[[ GIVEN DATA open ]]

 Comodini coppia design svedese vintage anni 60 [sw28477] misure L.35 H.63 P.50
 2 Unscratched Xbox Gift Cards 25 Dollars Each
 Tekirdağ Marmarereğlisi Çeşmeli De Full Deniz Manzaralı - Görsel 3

[[ GIVEN DATA closed ]]
[[ GIVEN DATA open ]]

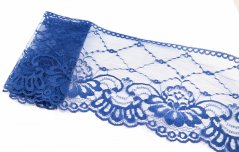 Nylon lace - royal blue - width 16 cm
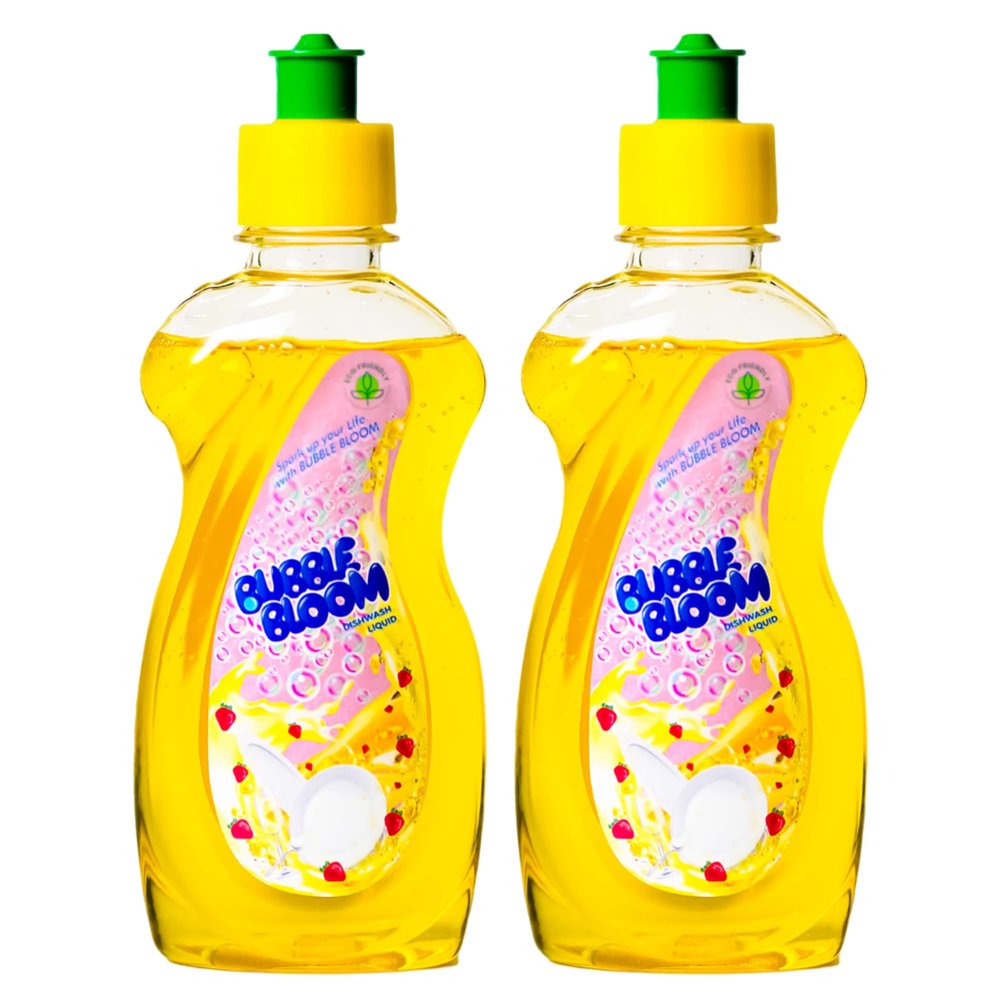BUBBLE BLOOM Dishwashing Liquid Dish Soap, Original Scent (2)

[[ GIVEN DATA closed ]]

* _ASSIGNED TASK_:
Your answer should consist of the lines from the line with "Comodini coppia design" to the line with "Tekirdağ Marmarereğlisi Çeşmeli" above, repeated exactly, both ends included.

* _WRITTEN ANSWER_:
 Comodini coppia design svedese vintage anni 60 [sw28477] misure L.35 H.63 P.50
 2 Unscratched Xbox Gift Cards 25 Dollars Each
 Tekirdağ Marmarereğlisi Çeşmeli De Full Deniz Manzaralı - Görsel 3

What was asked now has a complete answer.